- YOUR ASSIGNMENT -
From the line that contains "Grey cat taking" down to the final line of the listing below, set down every line exactly, both ends included, and drop the pictures.

- DATA -
·····
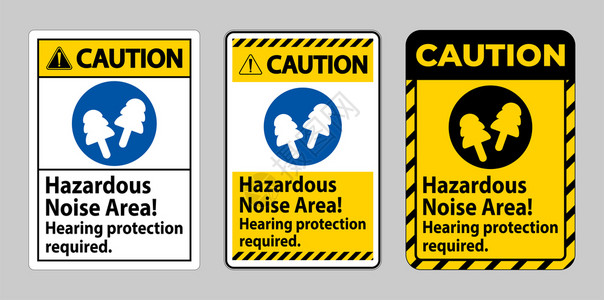 育空地区危险噪音区域需要的听力保护插画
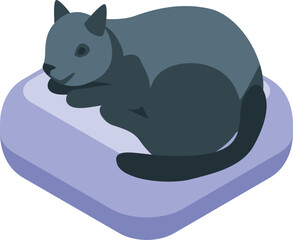 Grey cat taking a nap lying on a pillow, isometric illustration
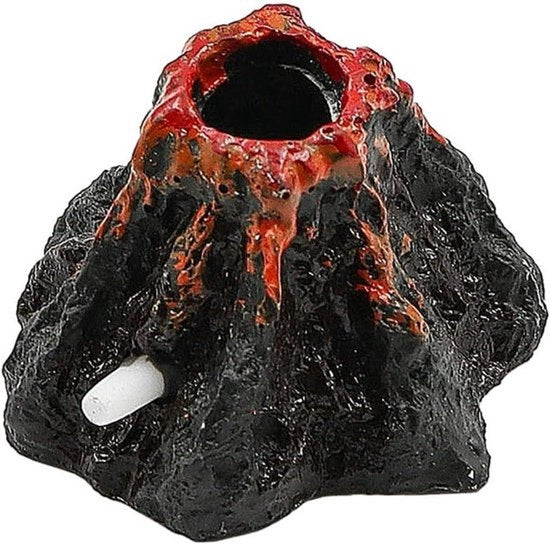 Decorazione per Acquario - Vulcano - Mini - Acquascape - Adatto per Acquario - Rosso - Piccola acquascape per acquario e decorazione per vasca per pesci.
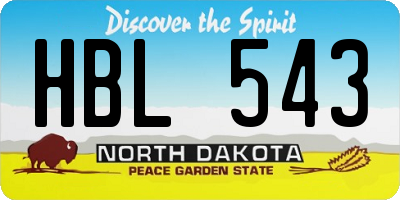 ND license plate HBL543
·····
- RESULT BELOW -
 Grey cat taking a nap lying on a pillow, isometric illustration
 Decorazione per Acquario - Vulcano - Mini - Acquascape - Adatto per Acquario - Rosso - Piccola acquascape per acquario e decorazione per vasca per pesci.
 ND license plate HBL543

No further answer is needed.